Real-Time RL Agents Learn Optimal Planning Budgets

In most Reinforcement Learning (RL) scenarios, the environment conveniently pauses, waiting indefinitely for an agent to make its decision. However, real-time environments present a significant challenge: deliberation takes time, and the environment continues to evolve during an agent's planning phase. This research delves into this critical aspect of real-time RL, where the environment's progression is not halted by the agent's internal processing. Building on existing real-time formalizations, the authors introduce a new concept: variable-delay real-time RL. In this setting, the agent itself must decide how long to deliberate at each decision point, acknowledging that this planning time has consequences as the environment advances. For planning agents, the optimal deliberation time is highly dependent on the current state, and attempting to plan *how long to plan* can lead to an infinite regress or "paralysis." To overcome this, the paper proposes an innovative solution: training a lightweight gating policy that operates in conjunction with a planner.

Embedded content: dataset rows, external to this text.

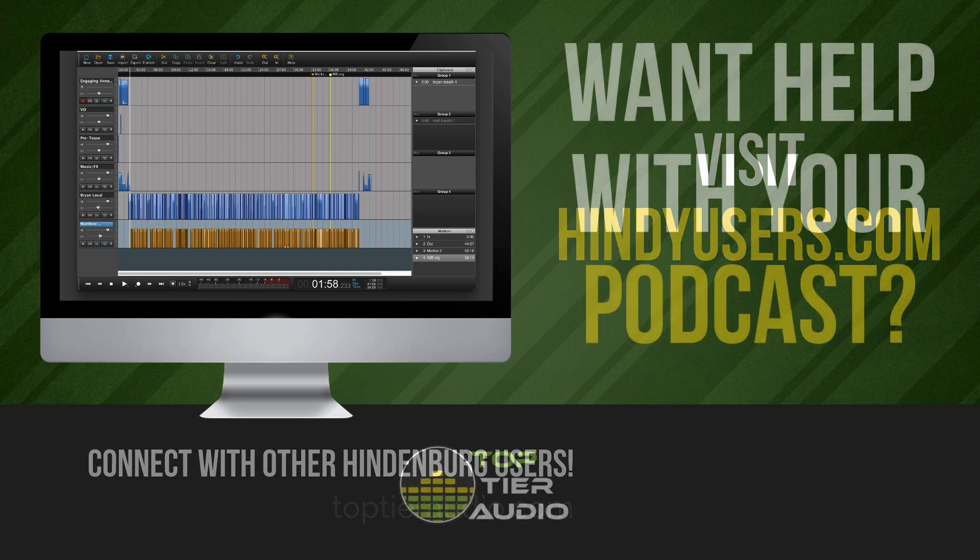If you'd like any help editing your podcast, toptieraudio.com. I'm glad to be available for editing needs. Thanks so much. Again, any other questions, let me know. Be glad to answer any questions I can.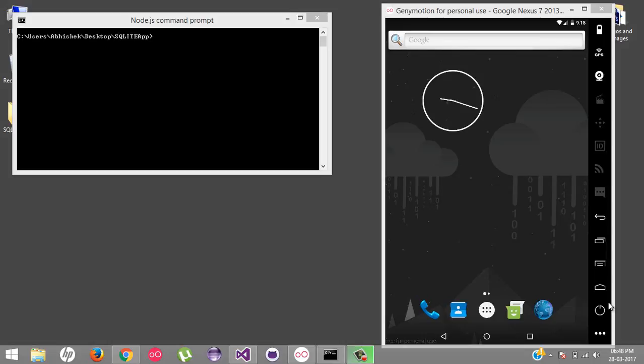Hello friends, this is Abhishek. Welcome back to the PhoneGap video tutorial. Today we are going to see the second part of SQLite third party SQLite plugin, how we can implement that in our PhoneGap application.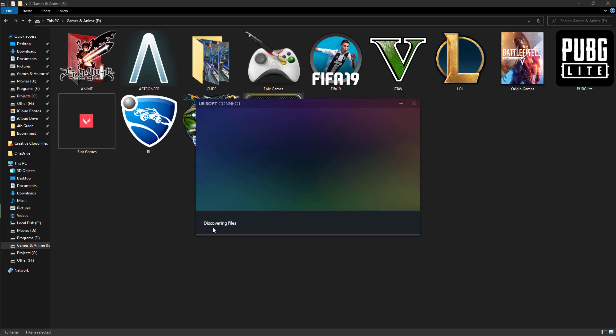It says now discovering files, it's going to discover the files and if there's corrupted files, it will download it. Usually it takes two gigabytes.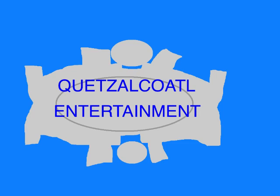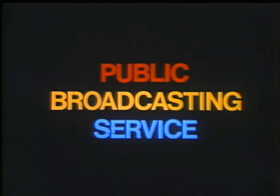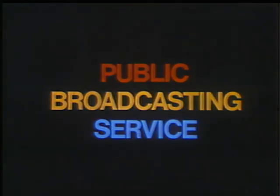This episode was an original story created entirely for this show. Written by Quinton Cole. Copyright 2019. This program is a production of Quetzalcoatl Entertainment. This is PBS, the Public Broadcasting Service.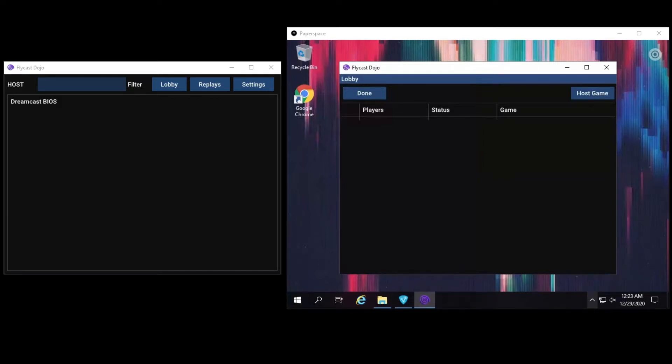In addition to Fightcade support, Flycast Dojo also has built-in lobbies for you to use over LAN or virtual LAN software of your choice, like Radmin or ZeroTier. For the latest bug fixes and support, be sure to download the latest Flycast Dojo release off of GitHub.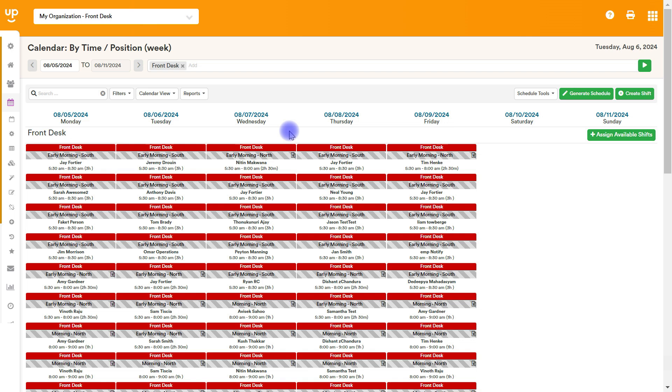If you would like to take a week that I've already created here in my calendar and copy it forward into the future, either for every single week into the future or for a rotating period every other week, every three weeks, things like that, you are going to be able to use this feature to accomplish those goals.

This gating policy learns to dynamically select state-dependent planning budgets, effectively determining the optimal amount of "thinking time" for the agent in any given situation. Tested across a suite of real-time games including Pac-Man, Tetris, Snake, Speed Hex, and Speed Go, this gating policy consistently outperformed both fixed-budget and heuristic-based baselines. The approach also demonstrated successful transferability to a real-time setup involving two different GPUs for the environment and agent, highlighting its robustness and practical applicability.